I have been struggling with what I would and wouldn’t share on this blog. I set out with the purpose to make it a clear, honest look into my journey of becoming a Foster Parent. As I draft my posts I find myself editing my thoughts. This isn’t what I had planned. I want to keep it open and honest and journal my thoughts and feelings and experiences. This might include areas I don’t usually speak about with friends and family. Some things I keep private and I guess that is why I am struggling share everything.
When I am writing my posts and looking at my current journey in general, I find myself looking to prayer and my bible for guidance. I don’t usually write about this because I am not one to talk about religion. I attend Church, and even started Ministry a few years ago (which is still going at my Church, but I am not the one running it currently) but I don’t usually speak the Word, or share my religious thoughts/beliefs with others as I feel it is a private thing.

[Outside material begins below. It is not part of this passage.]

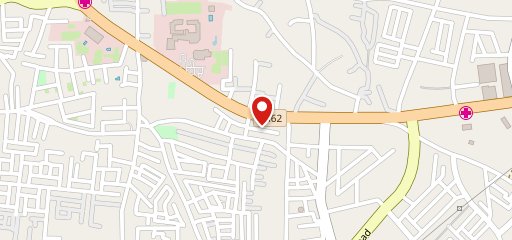 Pind Balluchi Agra on map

With entering the world of Fostering, I find myself praying more often and seeking guidance through prayer daily. I feel as though for this Blog to truly document my process, my journey and my thoughts I need to include this area of it in my posts and stop editing them for those reading who do not share the same beliefs as I do.
I hope any one who reads this is comfortable with me being completely open with my thoughts and sharing everything, including scripture I feel relates to my journey, even if they do not have the same religious beliefs.